How can you tell the difference?
Well, if starting more streams gets you more speed you haven't saturated your link. You're probably getting hit by the relatively long round-trip time from the US to Europe (as compared to the round-trip time on a local network).
(There's a point of diminishing returns here as the overhead for more TCP connections will eventually cause other bottlenecks to show up.)
If adding more streams provides no net increase in speed (two streams run at half the net speed of one) your link is saturated, and you need to add bandwidth to improve performance.
Other stuff to consider
You should seek to minimize the data being pushed over the pipe, using
rsync
or similar protocols if appropriate (rsync works best with small-ish change sets to large-ish collections of data).Never underestimate the bandwidth of a FedEx overnight package with a couple of hard disks in it. Especially for initial syncs.
I would check the TCP/IP tuning options, for example window scaling, retransmission, the routing table as well icmp.
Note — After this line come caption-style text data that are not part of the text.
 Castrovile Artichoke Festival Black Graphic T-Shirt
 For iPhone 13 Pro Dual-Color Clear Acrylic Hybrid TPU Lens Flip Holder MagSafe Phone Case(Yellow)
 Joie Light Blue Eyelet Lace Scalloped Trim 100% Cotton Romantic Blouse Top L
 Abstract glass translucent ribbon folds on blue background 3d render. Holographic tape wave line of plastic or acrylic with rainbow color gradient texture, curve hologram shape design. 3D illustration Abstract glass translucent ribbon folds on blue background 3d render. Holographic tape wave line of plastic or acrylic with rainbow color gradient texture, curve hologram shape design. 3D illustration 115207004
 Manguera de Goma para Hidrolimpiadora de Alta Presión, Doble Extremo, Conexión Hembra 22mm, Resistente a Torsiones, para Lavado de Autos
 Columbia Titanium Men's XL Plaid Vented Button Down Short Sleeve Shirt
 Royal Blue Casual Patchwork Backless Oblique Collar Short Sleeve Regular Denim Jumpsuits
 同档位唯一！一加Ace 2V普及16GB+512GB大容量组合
If this is all working OK, and the networking stack on the OS is not Windows XP or Centos 5 or anything older than Vista, you should be OK the way that multi-threaded network connection is not required. Or, it would not improve better than 20%, so in fact, it would just defragment the filesystem and slow it down even more.
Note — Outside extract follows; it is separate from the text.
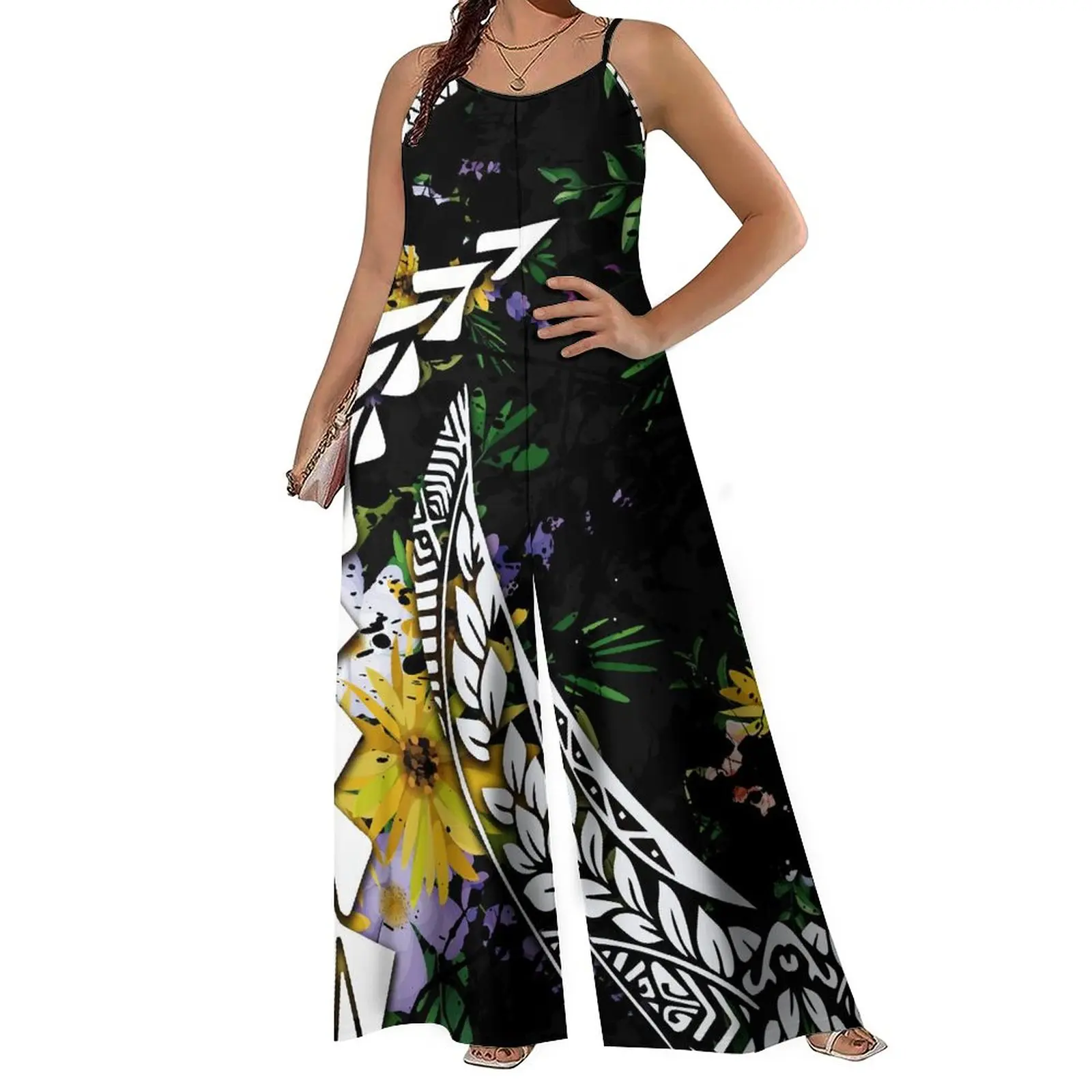 Factory Outlet Spaghetti Strap Sleeveless Lady Wide Leg Playsuits Polynesian Tribal Design Sublimation Print Yellow Rompers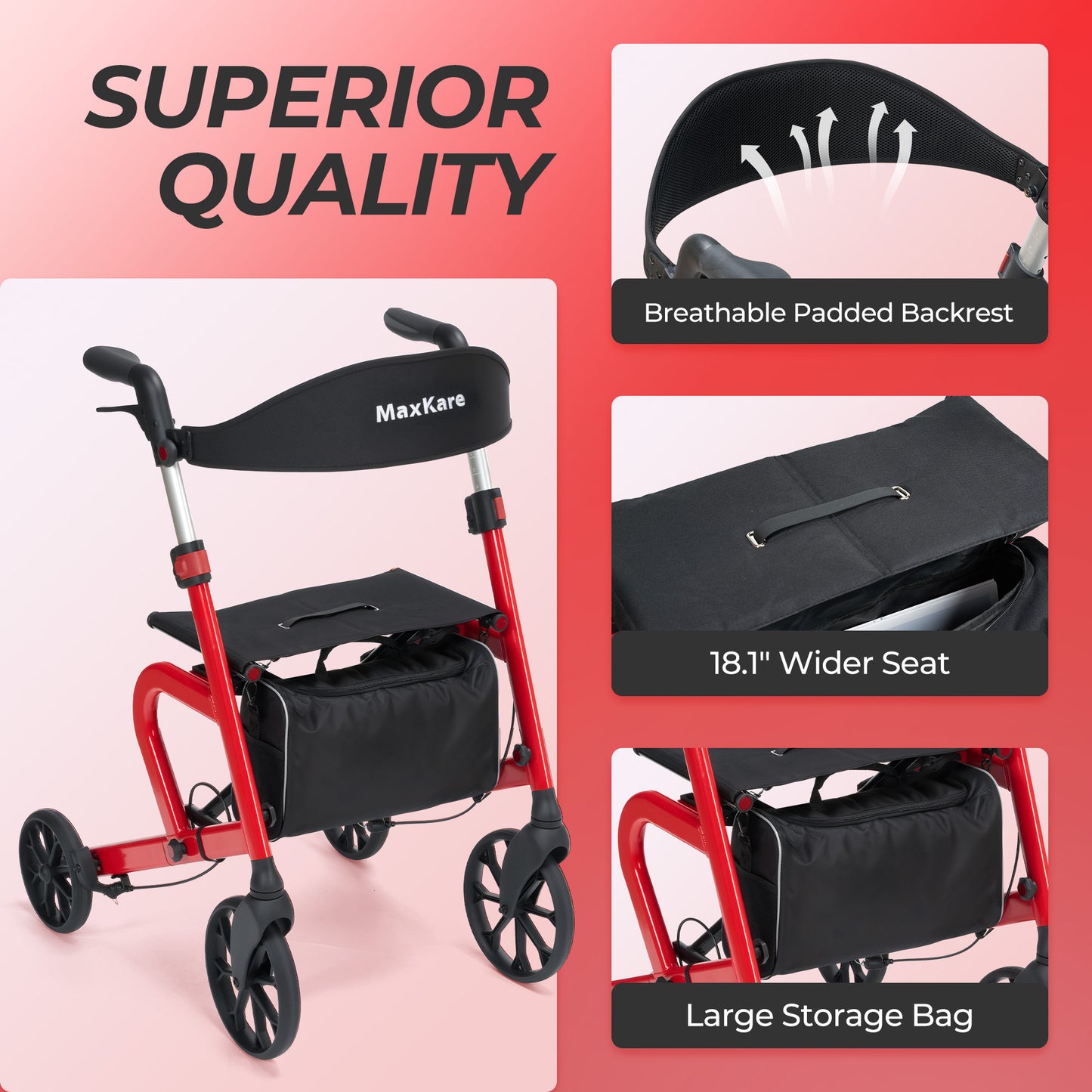 MaxKare Rollator Walker with Seat, Foldable 4 Wheel Rolling Medical Walker, Red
https://en.wikipedia.org/wiki/Bandwidth-delay_product
That's the basic theory, but there are additional factors: depending on your OS and TCP tuning options you might have large windows in play (large windows make it go faster), but then again some ISP's use "TCP Window Manipulation" as a shaping and congestion control tool (i.e. a box in the middle knows some link is congested and then attempts to quench the TCP source by editing the ACK packets in order to convince the source that the receiver's window size is small), so your large windows might not really be in play, even when you think you have them switched on.
There's one more thing that could be happening which is that as packet queues pile up in a congested router, it can start randomly dropping packets out of the queue (see Cisco Weighted Random Early Detection or WRED for short) but the guy using only one TCP stream tends to back off more rapidly than the guy using a bunch of parallel TCP streams so by using multiple parallel streams you can get a bigger "share" of the bandwidth on that congested queue (at the expense of others who abstain from this technique).
There's a fun tool called "tcptrace" which gives you visibility into what's going on, presuming you can capture packets at either end. Unfortunately you need to work with "xplot" which is a bit of a horrible program, but you can live with it.